Liquid relief

Title: Liquid relief.


Water versus an “all or nothing” pain management plan for your labour.


If scientists discovered a pain-relieving substance that was naturally occurring, non-invasive, safe for labouring mothers and their unborn babes, 100% renewable and, above all, cheap to produce; would we not assume that the NHS would jump on it and promote its use in every quarter? If this substance were to be described by medical professionals as possessing more therapeutic qualities than any other single drug on the market, would we not as parents in waiting, expect the knowledge of its pain-relieving qualities to be thrust upon us by ever informative midwives? The fact that this doesn’t happen may lead us to assume that such a substance does not exist and that the only pain relieving agents we can expect to use when in labour are to be found in a canister or a syringe. But wait – before you resign yourselves to an “all or nothing” pain management plan for your labour, this substance does exist and what’s more, has been around since the world began! It has the most recognised formula in the world, is the most common chemical solvent on earth and its powerful force generates mega-watts of electricity globally. It is of course water. “Water’s unique chemical properties make it so complicated that even after decades of research, scientists still have much to learn about this remarkable and versatile substance…. If water behaved like other liquids, it would exist as a gas at the temperatures and pressures found on Earth, and life as we know it couldn’t survive.”

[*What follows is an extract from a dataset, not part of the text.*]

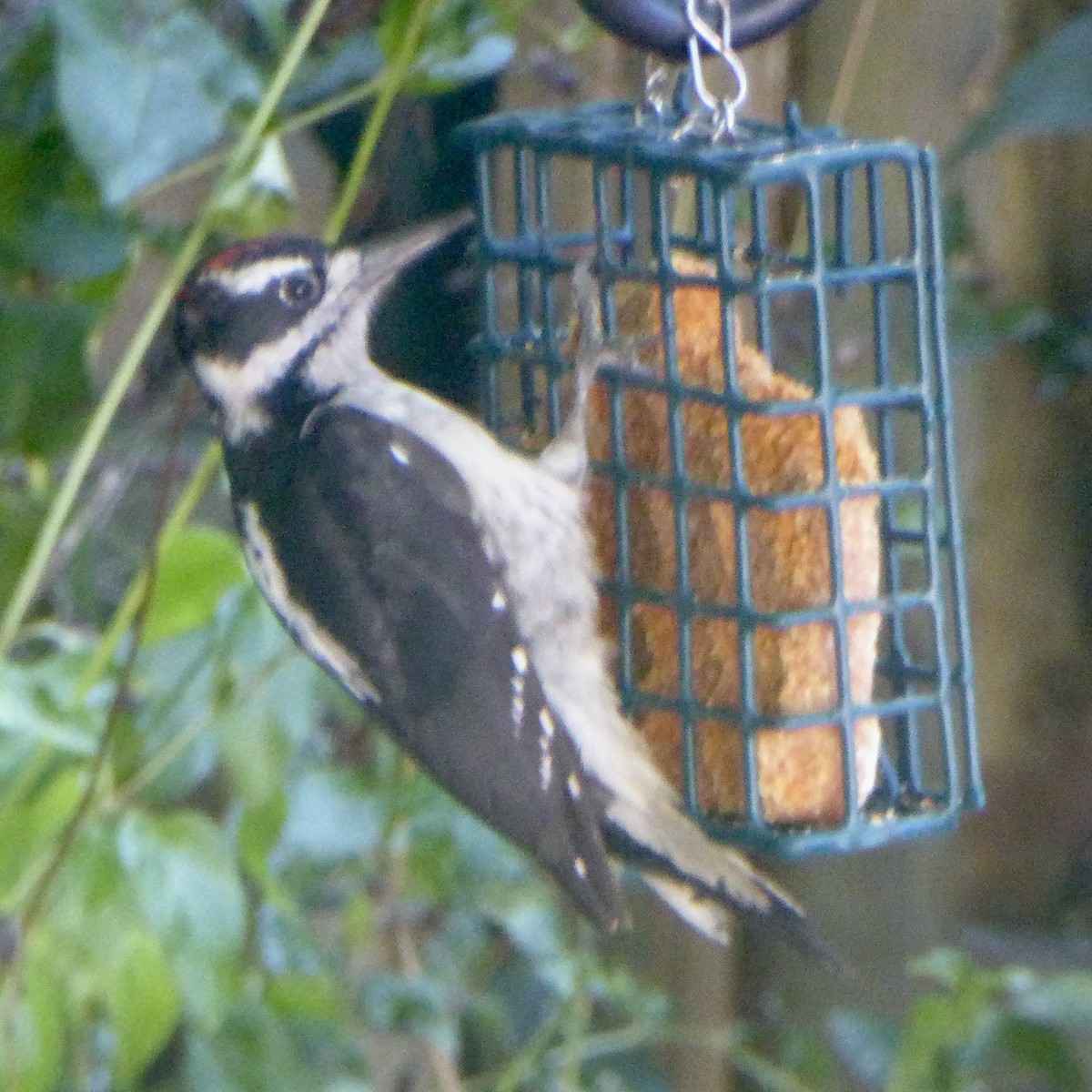 Hairy Woodpecker - ML622054280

(1) The therapeutic use of water has a long history. Ruins of an ancient bath unearthed in Pakistan date as far back as 4500 B.C. Bathhouses were an essential part of ancient Roman culture. The use of steam, baths, and aromatic massage to promote well being has been documented since the first century and Roman physicians Galen and Celsus wrote of treating patients with warm and cold baths in order to prevent disease.

Just look at what scientists have to say about water: “There is no drug on the market that can rival the number of beneficial physiological effects that water is capable of producing, and it is widely available and cheap. In fact, there are no substances known to man that possess as many remedial and health-promoting qualities as water.”

(2) This article goes on to list many of the qualities attributed to using water. “Hydrotherapy, with its circulating currents, allows for immediate and effective transfer of heat, relaxing tense muscles and increasing blood flow to the tissues. The warmth has a sedative effect on nerve endings and there fore reduces pain and discomfort.”

(3) “The warmth of Hydrotherapy and the massaging effect assists this pain relief, particularly if the pain is muscular in origin or the result of tension. Once an acute phase is over the Hydrotherapy is a useful aid to help with the management of intermittent periods of muscle spasm”.

(4) Although they were not writing specifically with labour in mind, the physiotherapists who compiled this report have described it perfectly: “Intermittent periods of muscle spasm” Having first experienced the powerful pain-relieving effect of water when labouring in the bath with my first child, I was so struck by it’s effect that I went on to have my second and third children at home in water. Given the obvious benefits of hydrotherapy throughout the world in both Eastern and Western cultures I am astounded that maternity services within the NHS have not jumped on this most natural and economical pain-relieving substance. The answer, so I understand is often that the labouring women do not request it.

Throughout the NHS, two of the most commonly spoken words are often: “patient led” This means that instead of the general public playing a passive role in the acquisition of knowledge, one has to be pro-active, know the questions to ask and have the courage to ask them. No easy task when contractions are coming every 5 minutes; which is why expectant parents have to arm themselves with knowledge prior to the life-changing event about to engulf them (which, it has to be said, many may never have experienced before.) How do you know what questions to ask if you have no idea where to begin? Again, no easy task and a task made yet more challenging as the NHS trust cuts parent craft classes in another belt-tightening exercise. The answer? Nature has an uncanny way of providing just what we need (not necessarily what we want). Is it mere coincidence that a clump of dock-leaves will grow right alongside the nettles whose sting they can often soothe? Try asking your midwife to “think outside the box” or rather to look outside the birthing room – there may be a mysterious scientifically baffling liquid with remarkable, tried and tested pain-relieving effects, just waiting to be utilised! Or to put it another way: Ask her to run you a bath!


Kate Lamb


Any views or opinions expressed are solely those of the author and do not represent those of The Federation of Antenatal Educators (FEDANT) unless specifically stated.